So another holdout has fallen. Another state has seen the light.
Indiana's plan to use Medicaid expansion funds was approved by the federal government on Tuesday, bringing the total number of participating states to 28.
According to the Kaiser Family Foundation, seven more states are working on expansion plans, leaving Florida among a dwindling minority of health care agnostics.
And it's certainly an interesting crowd to be lumped in.
States that continue to reject federal funding to provide health care for needy residents are mostly Southern, typically rural and not especially cutting-edge.
For instance, what do Florida, Alabama, Oklahoma, North Carolina, Maine and Kansas have in common besides Medicaid rejection? They're all in the bottom half of states in median household income, according to the 2013 Census.
How about Florida, Idaho, South Carolina, South Dakota, Nebraska and Wisconsin? They all lag behind the U.S. average for percentage of residents 25 or older with bachelor's degrees, according to the National Center for Education Statistics.
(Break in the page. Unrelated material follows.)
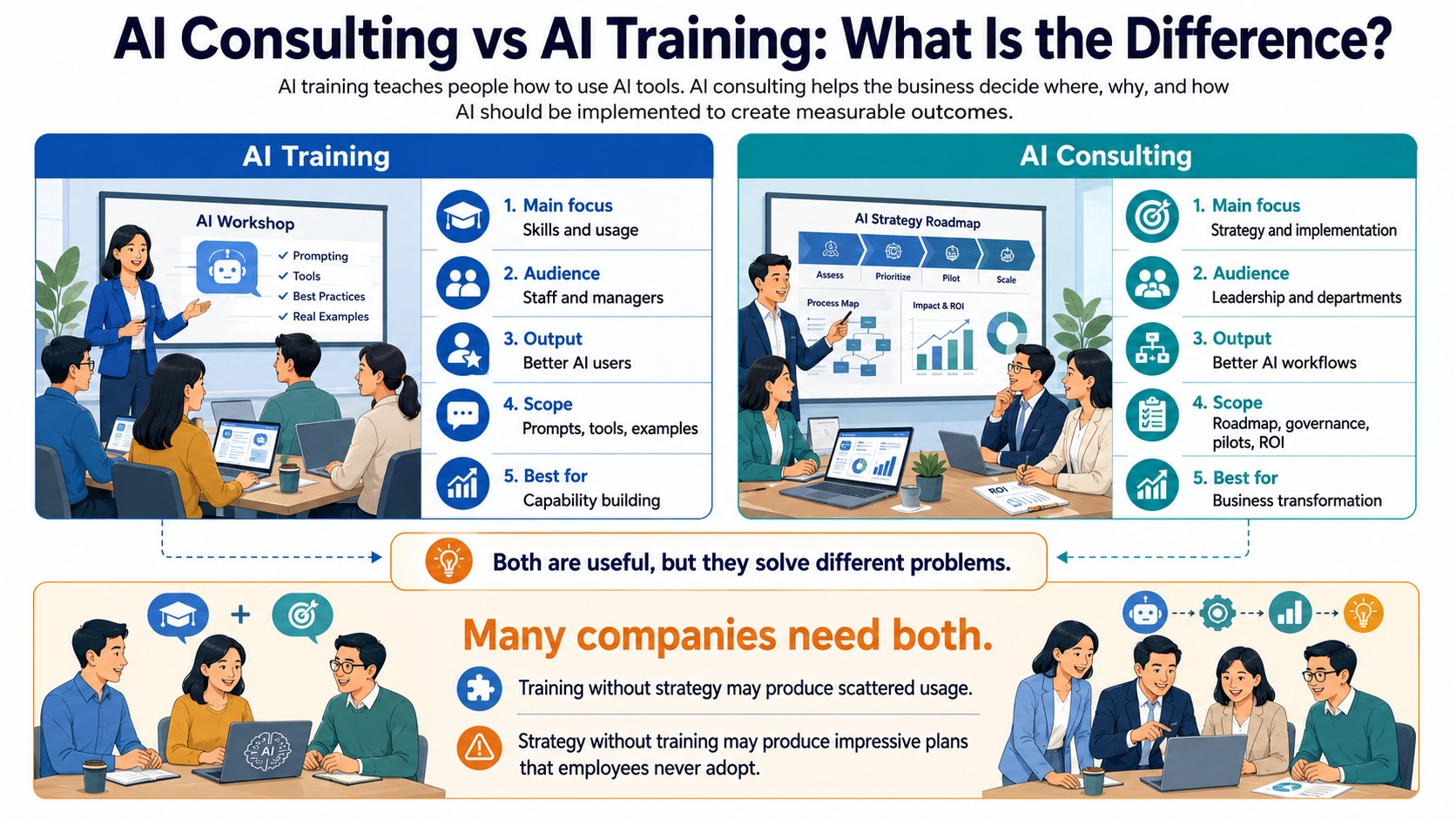 AI Consulting vs AI Training - What Is the Difference AI Consulting vs AI Training - What Is the Difference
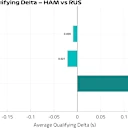 AvgDelta_HAMvsRUS.png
And how about Florida, Texas, Louisiana, Mississippi and Georgia? They're among the states with the highest number of convictions of public officials in federal court from 1976 to 2010, according to the website FiveThirtyEight.com.
So we're taking a stand among the poor, uneducated and corrupt.
Obviously, I'm being facetious. And clearly, this is not a scientific survey of common characteristics among holdout states.
But the increasing number of states finding creative solutions to Medicaid expansion is making it harder and harder for Florida politicians to trot out excuses.
Once upon a time, former House Speaker Will Weatherford complained about the federal government's inflexibility. Well, it turns out D.C. is quite flexible on this issue. Arkansas, Indiana, Iowa and Michigan have all gotten waivers to use federal funds for health coverage outside the traditional Medicaid model.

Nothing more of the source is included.